TASK REQUIREMENTS:
From the records below, please print only the lines from the one containing "A bed or beds in a room at Just Studios" through the one containing "A modern house", both included. Skip the pictures.
#####
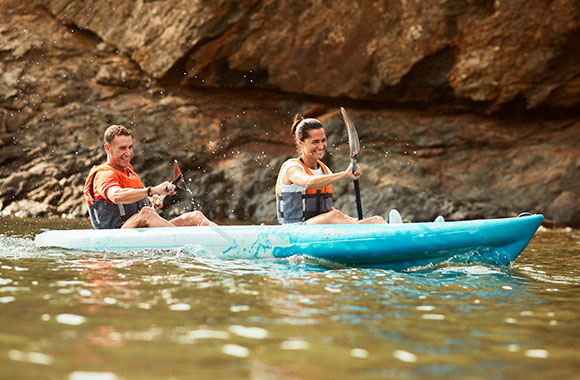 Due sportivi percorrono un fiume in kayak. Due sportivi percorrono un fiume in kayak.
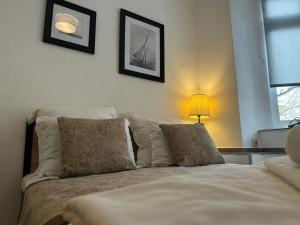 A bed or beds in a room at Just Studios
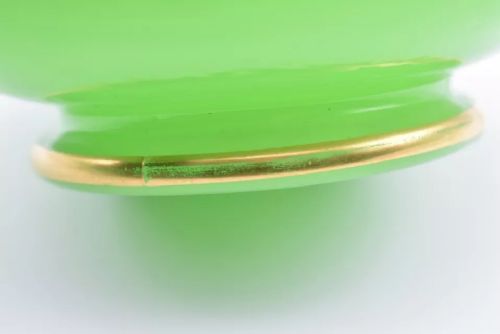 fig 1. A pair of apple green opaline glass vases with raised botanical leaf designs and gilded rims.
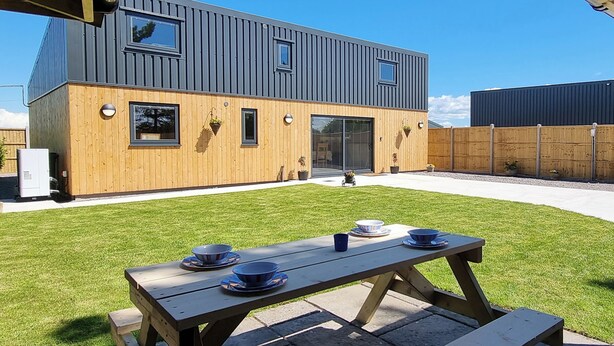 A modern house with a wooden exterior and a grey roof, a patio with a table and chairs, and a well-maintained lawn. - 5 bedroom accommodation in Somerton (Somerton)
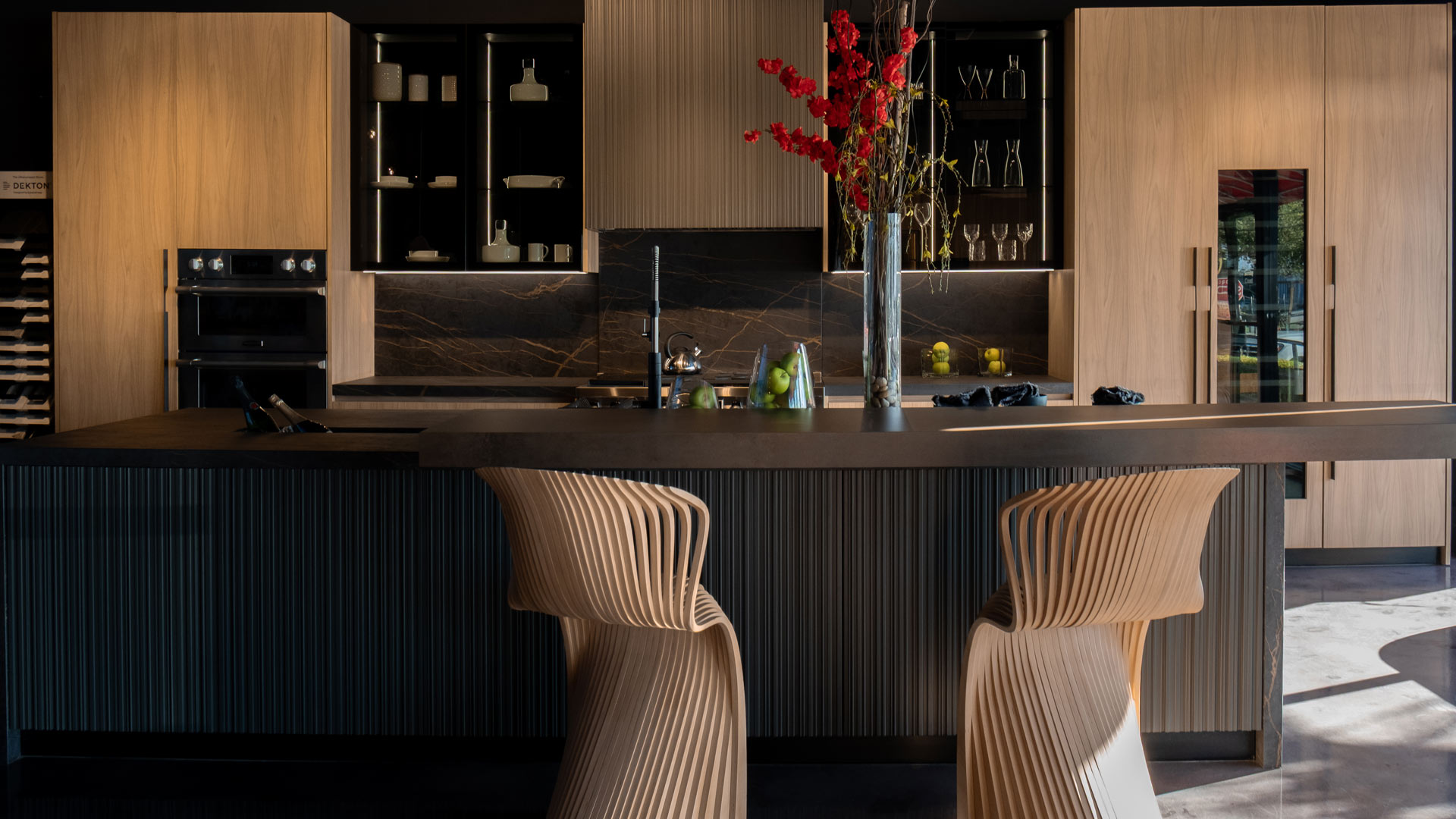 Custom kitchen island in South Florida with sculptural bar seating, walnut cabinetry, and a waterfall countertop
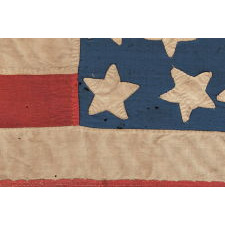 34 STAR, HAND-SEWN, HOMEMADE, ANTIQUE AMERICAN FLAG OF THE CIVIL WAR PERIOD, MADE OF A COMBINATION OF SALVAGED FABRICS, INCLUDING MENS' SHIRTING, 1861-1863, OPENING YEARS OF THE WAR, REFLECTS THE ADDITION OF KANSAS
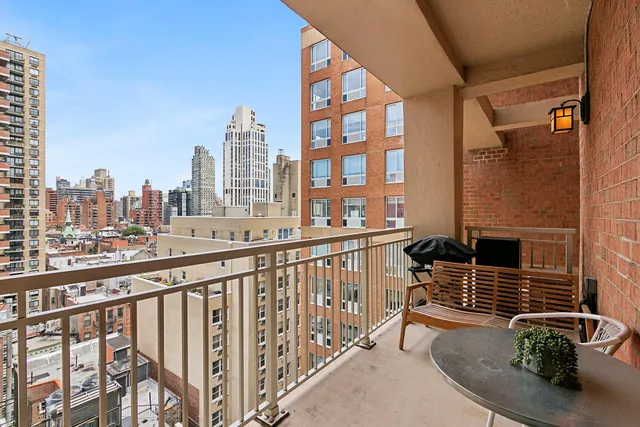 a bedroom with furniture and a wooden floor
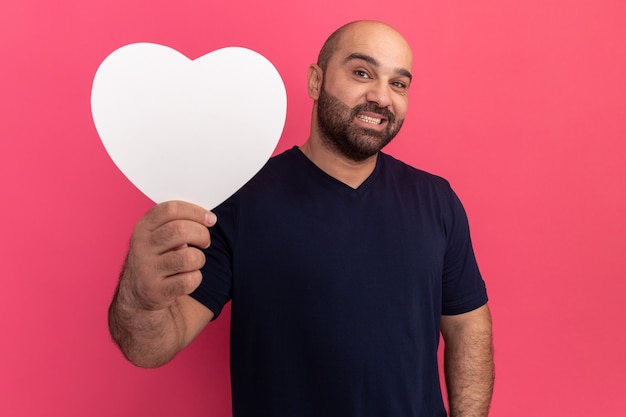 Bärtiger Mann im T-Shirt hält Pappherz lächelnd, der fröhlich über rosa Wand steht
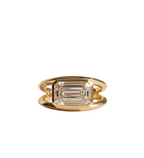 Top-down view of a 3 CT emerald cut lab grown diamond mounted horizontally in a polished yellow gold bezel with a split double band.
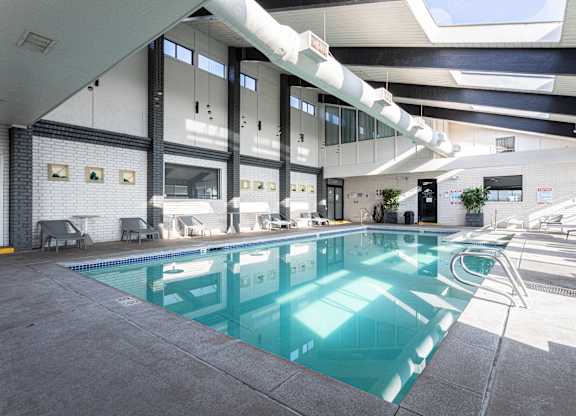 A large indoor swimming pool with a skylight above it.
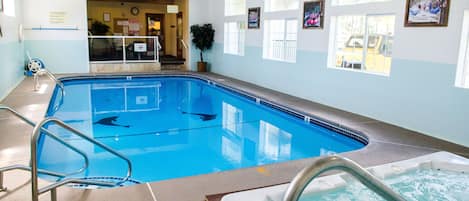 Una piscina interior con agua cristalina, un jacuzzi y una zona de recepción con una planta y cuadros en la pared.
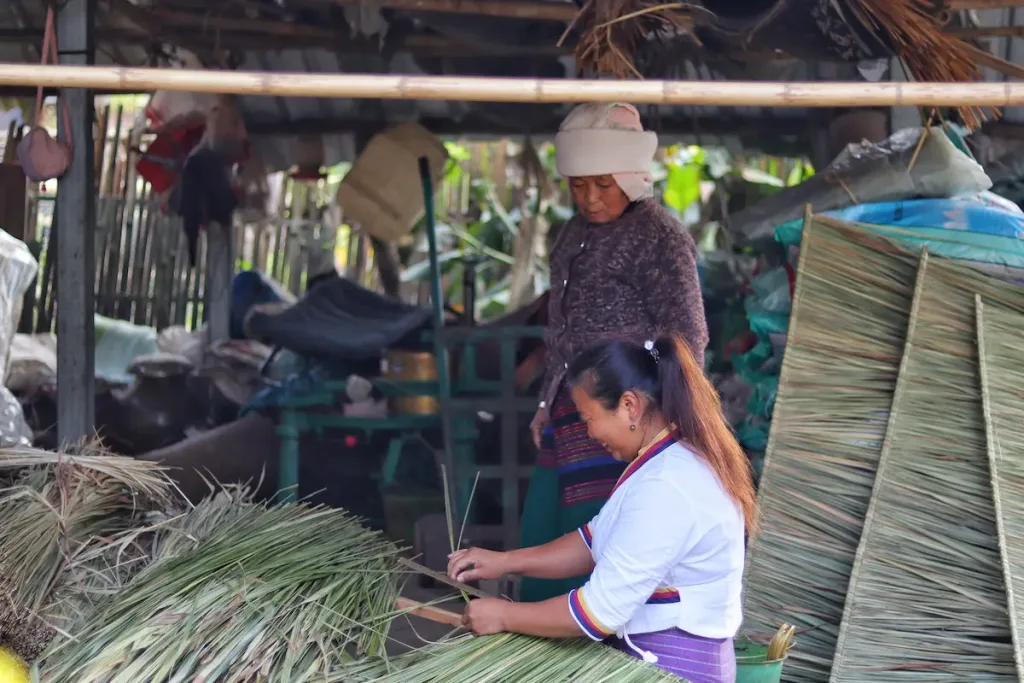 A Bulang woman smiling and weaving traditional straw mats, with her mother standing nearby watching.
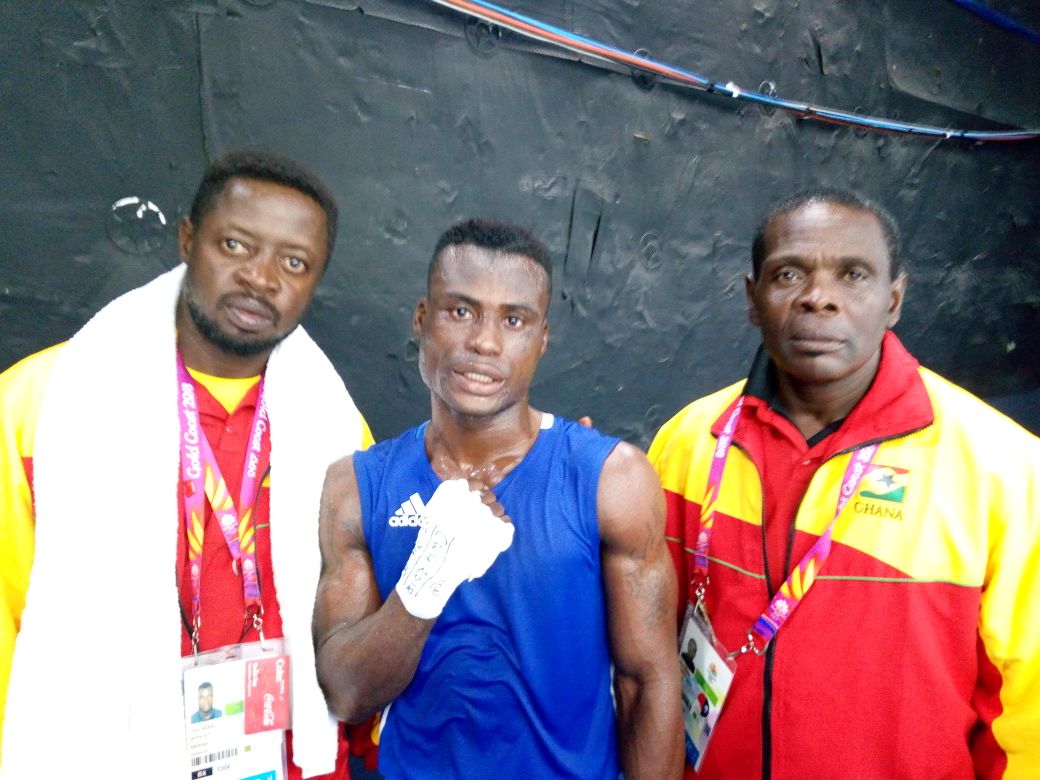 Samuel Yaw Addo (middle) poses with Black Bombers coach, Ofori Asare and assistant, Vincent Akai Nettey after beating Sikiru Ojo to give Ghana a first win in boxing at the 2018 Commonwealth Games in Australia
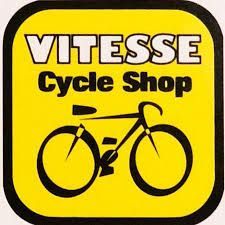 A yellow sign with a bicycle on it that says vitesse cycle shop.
#####
RESPONSE FOR THIS EXERCISE:
 A bed or beds in a room at Just Studios
 fig 1. A pair of apple green opaline glass vases with raised botanical leaf designs and gilded rims.
 A modern house with a wooden exterior and a grey roof, a patio with a table and chairs, and a well-maintained lawn. - 5 bedroom accommodation in Somerton (Somerton)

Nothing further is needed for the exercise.